50 mila giovani scalpitano, ballano, si sbracciano. La Torino che scruta il domani con un filo di timore. E la Torino della seconda generazione d’immigrati, affannosamente in cerca di un’integrazione che costa fatica. Si mescolano dentro piazza San Carlo, nella stessa inquietudine, orgoglio e malinconia. «La verità è che non siamo di moda»: in una frase Giulia Miletto, 18 anni da Trofarello, fotografa una piazza intera. Giorgio Picco, 19 anni, studente a Scienze Gastronomiche, il sogno di aprire un agriturismo, va un passo oltre: «Per tanti nostri coetanei conta seguire la massa. E la massa, inutile negarlo, oggi non procede nella nostra direzione. A essere religiosi a volte ci si sente diversi».

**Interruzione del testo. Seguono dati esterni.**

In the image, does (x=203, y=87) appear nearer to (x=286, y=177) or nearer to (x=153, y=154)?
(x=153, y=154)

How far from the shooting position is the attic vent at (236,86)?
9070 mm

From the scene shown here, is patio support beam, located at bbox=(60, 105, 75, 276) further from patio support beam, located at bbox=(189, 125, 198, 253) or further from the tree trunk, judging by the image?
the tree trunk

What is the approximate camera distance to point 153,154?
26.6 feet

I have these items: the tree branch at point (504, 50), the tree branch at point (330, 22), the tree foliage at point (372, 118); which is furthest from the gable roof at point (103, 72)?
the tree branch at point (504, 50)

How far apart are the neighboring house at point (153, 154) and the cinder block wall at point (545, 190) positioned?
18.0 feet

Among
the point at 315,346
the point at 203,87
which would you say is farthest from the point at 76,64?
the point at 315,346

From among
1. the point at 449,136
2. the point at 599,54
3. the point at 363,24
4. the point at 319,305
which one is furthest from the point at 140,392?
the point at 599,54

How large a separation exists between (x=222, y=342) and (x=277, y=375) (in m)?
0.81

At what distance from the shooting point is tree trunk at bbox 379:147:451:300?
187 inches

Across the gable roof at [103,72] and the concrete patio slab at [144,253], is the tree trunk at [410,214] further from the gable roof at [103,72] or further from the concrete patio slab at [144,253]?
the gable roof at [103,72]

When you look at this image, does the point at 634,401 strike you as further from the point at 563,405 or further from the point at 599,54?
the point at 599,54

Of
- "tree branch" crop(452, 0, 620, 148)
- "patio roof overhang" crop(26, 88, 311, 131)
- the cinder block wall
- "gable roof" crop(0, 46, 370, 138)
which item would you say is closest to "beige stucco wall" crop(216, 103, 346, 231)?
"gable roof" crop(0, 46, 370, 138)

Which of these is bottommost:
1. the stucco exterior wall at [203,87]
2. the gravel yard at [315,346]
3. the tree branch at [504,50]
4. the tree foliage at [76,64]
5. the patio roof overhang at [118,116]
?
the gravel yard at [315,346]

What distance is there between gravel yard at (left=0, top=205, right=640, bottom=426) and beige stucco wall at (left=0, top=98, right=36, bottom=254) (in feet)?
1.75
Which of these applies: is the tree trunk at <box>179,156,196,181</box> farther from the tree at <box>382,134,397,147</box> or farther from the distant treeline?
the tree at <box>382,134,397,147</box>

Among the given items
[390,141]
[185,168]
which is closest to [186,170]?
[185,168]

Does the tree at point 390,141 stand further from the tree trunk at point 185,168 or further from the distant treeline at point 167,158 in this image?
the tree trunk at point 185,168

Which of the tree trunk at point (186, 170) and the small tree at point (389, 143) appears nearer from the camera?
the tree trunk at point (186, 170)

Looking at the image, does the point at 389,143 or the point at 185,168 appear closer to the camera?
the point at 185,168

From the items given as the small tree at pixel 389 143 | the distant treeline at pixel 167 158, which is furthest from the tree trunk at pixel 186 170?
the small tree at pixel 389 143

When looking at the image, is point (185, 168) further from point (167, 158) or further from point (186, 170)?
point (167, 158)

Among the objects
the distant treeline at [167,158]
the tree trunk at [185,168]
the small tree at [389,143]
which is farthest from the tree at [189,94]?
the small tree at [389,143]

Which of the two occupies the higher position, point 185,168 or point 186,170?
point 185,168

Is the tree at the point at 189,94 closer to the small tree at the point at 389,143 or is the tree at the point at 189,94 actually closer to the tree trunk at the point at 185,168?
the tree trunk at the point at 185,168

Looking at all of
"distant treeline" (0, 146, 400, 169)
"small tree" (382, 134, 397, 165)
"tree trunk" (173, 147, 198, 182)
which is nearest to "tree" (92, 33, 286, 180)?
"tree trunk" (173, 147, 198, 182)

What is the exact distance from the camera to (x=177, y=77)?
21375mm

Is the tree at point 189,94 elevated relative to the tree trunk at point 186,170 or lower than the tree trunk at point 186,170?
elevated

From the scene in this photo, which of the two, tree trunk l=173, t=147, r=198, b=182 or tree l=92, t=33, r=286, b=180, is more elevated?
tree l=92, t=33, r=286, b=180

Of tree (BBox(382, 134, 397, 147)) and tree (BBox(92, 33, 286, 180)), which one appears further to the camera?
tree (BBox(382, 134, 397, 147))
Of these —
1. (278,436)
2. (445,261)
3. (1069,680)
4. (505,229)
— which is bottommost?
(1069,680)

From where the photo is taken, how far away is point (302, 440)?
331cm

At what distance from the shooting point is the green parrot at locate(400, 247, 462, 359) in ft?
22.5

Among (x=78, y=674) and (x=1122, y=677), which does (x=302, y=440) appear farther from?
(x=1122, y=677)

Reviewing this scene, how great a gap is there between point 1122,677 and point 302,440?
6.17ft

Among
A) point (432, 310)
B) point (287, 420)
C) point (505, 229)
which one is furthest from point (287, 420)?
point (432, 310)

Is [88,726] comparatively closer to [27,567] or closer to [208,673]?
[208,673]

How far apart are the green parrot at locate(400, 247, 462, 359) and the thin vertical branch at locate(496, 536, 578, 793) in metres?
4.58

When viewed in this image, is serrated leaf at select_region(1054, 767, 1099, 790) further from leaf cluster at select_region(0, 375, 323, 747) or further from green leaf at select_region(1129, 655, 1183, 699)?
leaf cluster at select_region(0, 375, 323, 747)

Eppure ci sono, e sono tanti, rinfrancati, sotto un cielo cupo. «Ho udito parole commoventi», dice Filippo Gillio, 19 anni. «Il fatto che il Papa abbia voluto dedicare un momento a noi è segno di grande sensibilità». Filippo ci ha messo del suo perché una giornata così si avversasse. In questi giorni di ostensione si occupa del servizio per i disabili come volontario. Angelo Catanzaro, 25 anni, invece, presidia il villaggio giovani, una sorta di ostello per i suoi coetanei arrivati da lontano, ma oggi distribuisce i foulard gialli e blu. Paride Galeone, 26 anni, pugliese, per la prima volta canta per il Papa. Se ne sta in seconda fila, in mezzo ai 270 del coro che circonda Benedetto XVI e quasi lo abbraccia: «Abbiamo provato cinque mesi per essere pronti oggi».

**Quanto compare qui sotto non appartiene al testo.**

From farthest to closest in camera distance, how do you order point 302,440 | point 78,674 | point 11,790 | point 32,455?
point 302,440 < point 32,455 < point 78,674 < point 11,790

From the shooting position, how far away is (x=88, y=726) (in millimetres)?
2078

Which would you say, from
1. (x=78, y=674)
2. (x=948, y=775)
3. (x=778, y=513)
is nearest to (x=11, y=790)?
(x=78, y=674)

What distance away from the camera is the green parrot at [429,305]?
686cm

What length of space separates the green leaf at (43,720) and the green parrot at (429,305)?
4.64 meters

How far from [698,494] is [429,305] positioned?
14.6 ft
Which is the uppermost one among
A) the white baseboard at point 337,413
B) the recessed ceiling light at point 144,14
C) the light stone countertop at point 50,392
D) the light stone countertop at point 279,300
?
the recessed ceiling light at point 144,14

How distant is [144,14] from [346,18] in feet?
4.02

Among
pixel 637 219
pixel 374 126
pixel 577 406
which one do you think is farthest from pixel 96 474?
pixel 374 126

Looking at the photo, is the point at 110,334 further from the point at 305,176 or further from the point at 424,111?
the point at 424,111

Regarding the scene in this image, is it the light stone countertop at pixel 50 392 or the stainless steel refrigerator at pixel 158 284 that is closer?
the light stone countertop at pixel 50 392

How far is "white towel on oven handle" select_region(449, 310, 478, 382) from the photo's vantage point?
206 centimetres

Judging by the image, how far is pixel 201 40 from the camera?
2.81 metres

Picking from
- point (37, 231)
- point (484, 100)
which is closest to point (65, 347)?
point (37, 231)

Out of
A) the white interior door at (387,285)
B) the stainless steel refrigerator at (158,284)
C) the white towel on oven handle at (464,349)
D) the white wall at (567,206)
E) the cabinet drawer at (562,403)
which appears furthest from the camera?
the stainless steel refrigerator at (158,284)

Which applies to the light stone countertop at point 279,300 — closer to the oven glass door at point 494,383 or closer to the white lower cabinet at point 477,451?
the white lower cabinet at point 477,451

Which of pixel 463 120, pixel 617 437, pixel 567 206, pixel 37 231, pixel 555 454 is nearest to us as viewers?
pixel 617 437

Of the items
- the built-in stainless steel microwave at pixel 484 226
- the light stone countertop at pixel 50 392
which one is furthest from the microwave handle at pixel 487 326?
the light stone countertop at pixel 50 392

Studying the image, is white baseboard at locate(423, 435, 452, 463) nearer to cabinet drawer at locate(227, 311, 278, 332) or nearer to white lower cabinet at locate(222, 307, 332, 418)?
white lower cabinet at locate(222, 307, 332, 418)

Aspettavano un segno. Cercavano «conforto», per dirla con Giulia Miletto. L’hanno trovato, dicono mentre Papa Benedetto dopo tre quarti d’ora lascia piazza San Carlo. Raccolgono il messaggio. «Possiamo affrontare con fiducia questo presente tumultuoso, anche per la Chiesa, tempo di cui non abbiamo paura»: Isabella Brianza e Vincenzo Camarda leggono davanti al Papa il saluto dei suoi giovani. Forse è così. Forse ne avevano davvero bisogno se c’è chi, come Martino Incarbone, 26 anni, presidente dei giovani dell’Azione cattolica di Milano, per esserci si è fatto 40 chilometri a piedi, dalla Sacra di San Michele.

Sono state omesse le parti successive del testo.